Les tenues à opto-camouflage étant un développement plutôt récent des technologies militaires, Arko n’avait jamais encore eu affaire à un adversaire équipé pareillement, mais il connaissait la technologie et, surtout, ses limites.

Daeithil était debout, immobile, les yeux fermés, au centre de la salle de tri – habituellement réservée aux services douaniers – que la sécurité du vaisseau avait réquisitionnée comme quartier général pour la fin de l’opération de nettoyage des soutes. Le rowaan la surveillait, mais surtout, il faisait confiance à sa vision périphérique pour repérer les mouvements suspects. Le plus difficile, c’était de filtrer, au milieu d’un groupe d’officiers de sécurité nerveux, ce qui constituait un mouvement suspect.

Par exemple, il ne prêta pas attention à la hachette en céramique que l’eylwen faisait tourner entre ses doigts ; elle semblait jouer avec depuis un bon moment, comme pour tromper son stress. Par contre, il nota le changement subtil d’ombre, de l’autre côté de la vaste salle. C’était loin d’être évident : les variations de lumière étaient fugaces et son esprit aurait, en temps normal, eu tendance à l’ignorer.

Pas de doute : ça se rapprochait. Kyoshi et les Ombres formaient une sorte de garde rapprochée autour de Daeithil, mais Arko doutait que cela suffise.
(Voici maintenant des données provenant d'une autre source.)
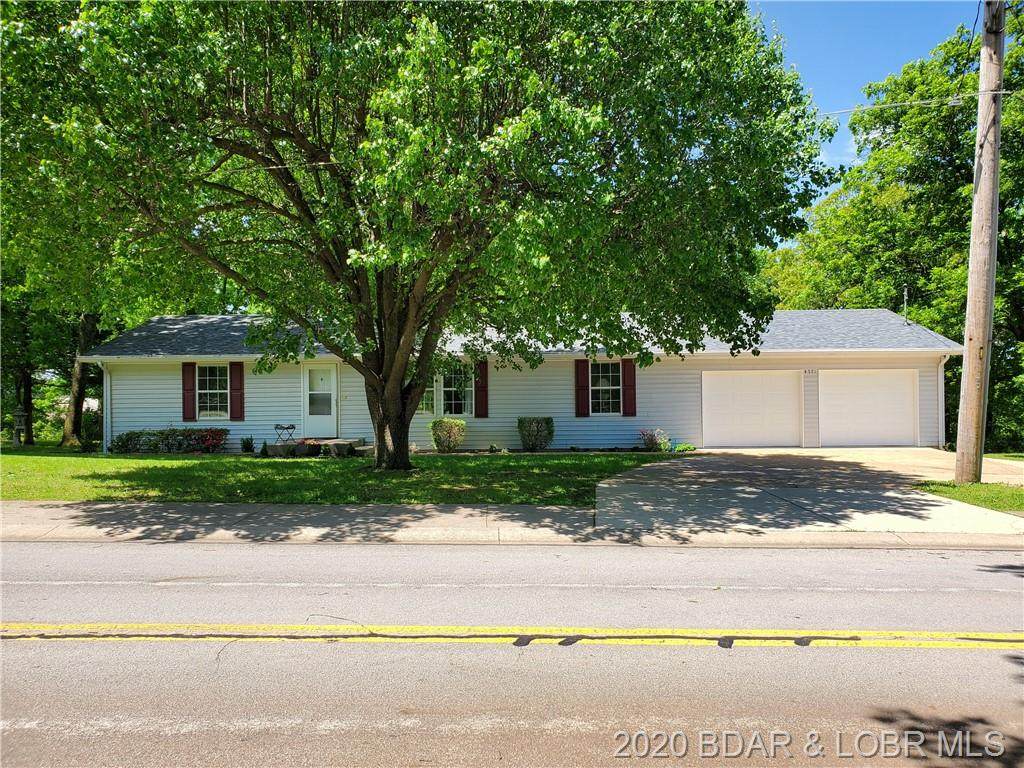 4571 Deer Run Drive - Photo 1 4571 Deer Run Drive - Photo 1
D’autant qu’ils étaient encore tous en sous-vêtements.

Il se rapprocha de l’intrus camouflé, l’air de rien, regardant à gauche et à droite comme s’il cherchait encore quelque chose. Il ne voulait pas risquer de dévoiler qu’il avait repéré l’agresseur, mais celui-ci se déplaçait rapidement et silencieusement, mystifiant allègrement tous les agents de sécurité présents.

Soudain, le mouvement s’accéléra et Arko aperçut une longue dague surgir comme de nulle part. Il se jeta sur la silhouette qui commençait à apparaître. Quelqu’un hurla et il sentit un impact douloureux lui vriller l’épaule. Dans le même temps, il perçut un cri de surprise qui devait provenir de Daeithil.

La douleur le déconcentra suffisamment pour qu’il rate son plaquage et qu’il encaisse, pour la peine, un coup de coude en pleine mâchoire.

Il tomba au sol sans grâce, mais au milieu des étoiles qui dansaient devant ses yeux, il aperçut la silhouette partiellement visible du commando se ramasser pour bondir vers Daeithil. Dans un dernier instant de lucidité, de son bras valide, il balaya violemment la jambe d’appui de l’agresseur.

Il n’eut pas l’occasion d’en voir plus : l’inconscience l’emporta et il rata le spectaculaire coup de genou dans le menton – suivi de quatre coups de neutralisateurs en retard – qui mit fin à la dernière tentative de l’assassin.